§ Data extract:
═══

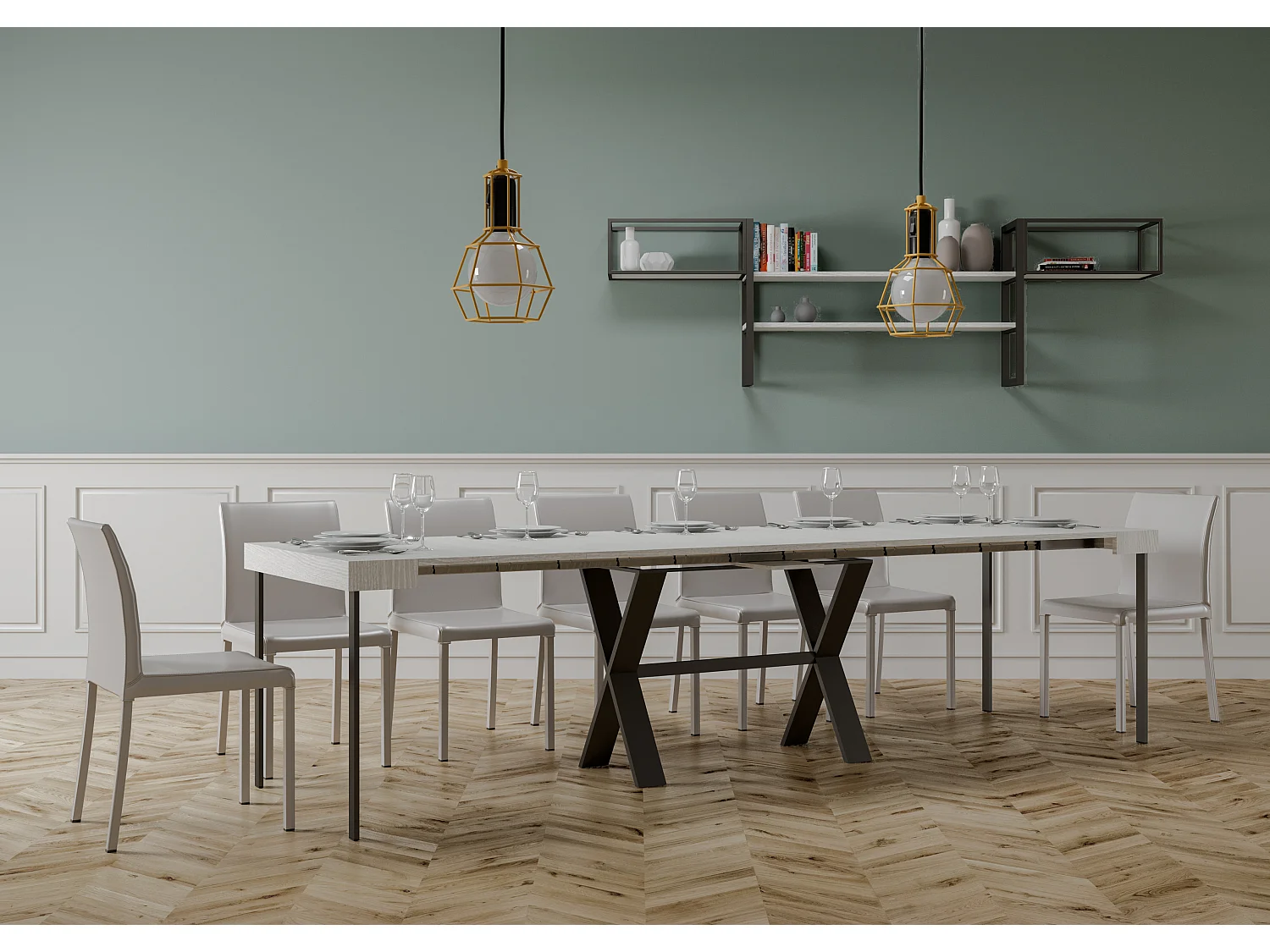 Console extensible 90x40/300 cm Xenia Frêne Blanc cadre Anthracite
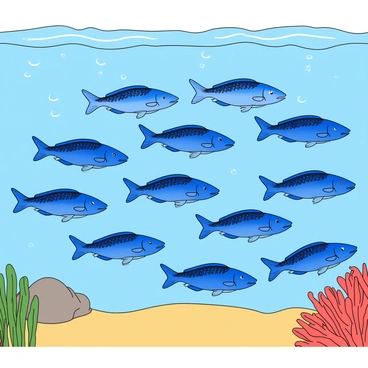 A lively school of various blue fish is swimming together in perfect synchronization. The fish display different shades of blue, from deep navy to light cerulean, each with distinct patterns on their scales. They glide gracefully in fluid, sweeping arcs and zigzagging motions. The clear waters allow for sunlight to filter down, creating shimmering reflections on the sandy bottom. Tiny bubbles rise to the surface as the fish move, adding to the sense of motion in the scene. Nearby, a few coral formations in vibrant colors provide contrast and a natural habitat for the fish.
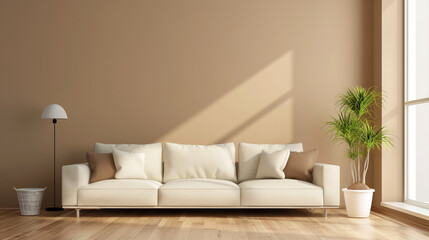 Modern interior design of apartment, dining room with table and chairs,  living room with beige wall, panorama.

═══

Transcribe only the lines between the line containing "A lively school" and the final line of the listing, inclusive, exactly as they appear; no pictures are to be included.

§ Answer box:
 A lively school of various blue fish is swimming together in perfect synchronization. The fish display different shades of blue, from deep navy to light cerulean, each with distinct patterns on their scales. They glide gracefully in fluid, sweeping arcs and zigzagging motions. The clear waters allow for sunlight to filter down, creating shimmering reflections on the sandy bottom. Tiny bubbles rise to the surface as the fish move, adding to the sense of motion in the scene. Nearby, a few coral formations in vibrant colors provide contrast and a natural habitat for the fish.
 Modern interior design of apartment, dining room with table and chairs,  living room with beige wall, panorama.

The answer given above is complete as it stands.